ASSIGNMENT:
Retype every record exactly as it appears.

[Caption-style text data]
★ ★ ★ ★

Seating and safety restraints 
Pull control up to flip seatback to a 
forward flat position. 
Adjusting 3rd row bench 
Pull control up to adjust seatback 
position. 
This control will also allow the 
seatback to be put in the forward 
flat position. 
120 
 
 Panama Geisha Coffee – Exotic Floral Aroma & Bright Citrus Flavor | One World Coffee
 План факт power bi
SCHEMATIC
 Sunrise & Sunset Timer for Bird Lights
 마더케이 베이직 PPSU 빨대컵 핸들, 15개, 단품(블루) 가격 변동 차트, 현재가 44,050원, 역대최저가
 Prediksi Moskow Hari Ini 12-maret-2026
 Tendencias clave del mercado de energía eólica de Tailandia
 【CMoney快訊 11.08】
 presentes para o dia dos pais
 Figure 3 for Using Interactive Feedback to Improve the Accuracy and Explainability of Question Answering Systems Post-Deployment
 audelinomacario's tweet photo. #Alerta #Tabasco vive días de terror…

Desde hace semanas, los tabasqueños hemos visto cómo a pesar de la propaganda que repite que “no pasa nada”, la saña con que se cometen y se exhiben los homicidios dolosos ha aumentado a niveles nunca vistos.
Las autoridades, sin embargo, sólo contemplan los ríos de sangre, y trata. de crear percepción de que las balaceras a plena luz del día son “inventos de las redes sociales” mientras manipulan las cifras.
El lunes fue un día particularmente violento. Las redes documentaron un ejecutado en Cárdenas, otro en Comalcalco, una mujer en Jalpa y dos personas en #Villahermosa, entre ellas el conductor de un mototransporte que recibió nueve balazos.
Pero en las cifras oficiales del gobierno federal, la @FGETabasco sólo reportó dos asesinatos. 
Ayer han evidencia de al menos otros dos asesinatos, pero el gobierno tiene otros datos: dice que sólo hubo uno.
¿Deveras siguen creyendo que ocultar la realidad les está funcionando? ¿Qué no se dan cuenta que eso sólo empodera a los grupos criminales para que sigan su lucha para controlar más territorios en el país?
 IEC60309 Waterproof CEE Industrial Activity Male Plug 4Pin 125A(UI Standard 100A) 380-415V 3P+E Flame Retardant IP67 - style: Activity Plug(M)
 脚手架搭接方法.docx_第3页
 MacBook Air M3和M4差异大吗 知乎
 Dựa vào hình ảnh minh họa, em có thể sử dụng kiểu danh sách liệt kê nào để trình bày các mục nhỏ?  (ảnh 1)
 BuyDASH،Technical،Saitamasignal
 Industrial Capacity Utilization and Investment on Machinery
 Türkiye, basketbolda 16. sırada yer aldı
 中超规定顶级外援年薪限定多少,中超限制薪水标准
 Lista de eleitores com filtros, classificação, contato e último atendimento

★ ★ ★ ★

OUTPUT OF THE EXERCISE:
Seating and safety restraints 
Pull control up to flip seatback to a 
forward flat position. 
Adjusting 3rd row bench 
Pull control up to adjust seatback 
position. 
This control will also allow the 
seatback to be put in the forward 
flat position. 
120 
 
 Panama Geisha Coffee – Exotic Floral Aroma & Bright Citrus Flavor | One World Coffee
 План факт power bi
SCHEMATIC
 Sunrise & Sunset Timer for Bird Lights
 마더케이 베이직 PPSU 빨대컵 핸들, 15개, 단품(블루) 가격 변동 차트, 현재가 44,050원, 역대최저가
 Prediksi Moskow Hari Ini 12-maret-2026
 Tendencias clave del mercado de energía eólica de Tailandia
 【CMoney快訊 11.08】
 presentes para o dia dos pais
 Figure 3 for Using Interactive Feedback to Improve the Accuracy and Explainability of Question Answering Systems Post-Deployment
 audelinomacario's tweet photo. #Alerta #Tabasco vive días de terror…

Desde hace semanas, los tabasqueños hemos visto cómo a pesar de la propaganda que repite que “no pasa nada”, la saña con que se cometen y se exhiben los homicidios dolosos ha aumentado a niveles nunca vistos.
Las autoridades, sin embargo, sólo contemplan los ríos de sangre, y trata. de crear percepción de que las balaceras a plena luz del día son “inventos de las redes sociales” mientras manipulan las cifras.
El lunes fue un día particularmente violento. Las redes documentaron un ejecutado en Cárdenas, otro en Comalcalco, una mujer en Jalpa y dos personas en #Villahermosa, entre ellas el conductor de un mototransporte que recibió nueve balazos.
Pero en las cifras oficiales del gobierno federal, la @FGETabasco sólo reportó dos asesinatos. 
Ayer han evidencia de al menos otros dos asesinatos, pero el gobierno tiene otros datos: dice que sólo hubo uno.
¿Deveras siguen creyendo que ocultar la realidad les está funcionando? ¿Qué no se dan cuenta que eso sólo empodera a los grupos criminales para que sigan su lucha para controlar más territorios en el país?
 IEC60309 Waterproof CEE Industrial Activity Male Plug 4Pin 125A(UI Standard 100A) 380-415V 3P+E Flame Retardant IP67 - style: Activity Plug(M)
 脚手架搭接方法.docx_第3页
 MacBook Air M3和M4差异大吗 知乎
 Dựa vào hình ảnh minh họa, em có thể sử dụng kiểu danh sách liệt kê nào để trình bày các mục nhỏ?  (ảnh 1)
 BuyDASH،Technical،Saitamasignal
 Industrial Capacity Utilization and Investment on Machinery
 Türkiye, basketbolda 16. sırada yer aldı
 中超规定顶级外援年薪限定多少,中超限制薪水标准
 Lista de eleitores com filtros, classificação, contato e último atendimento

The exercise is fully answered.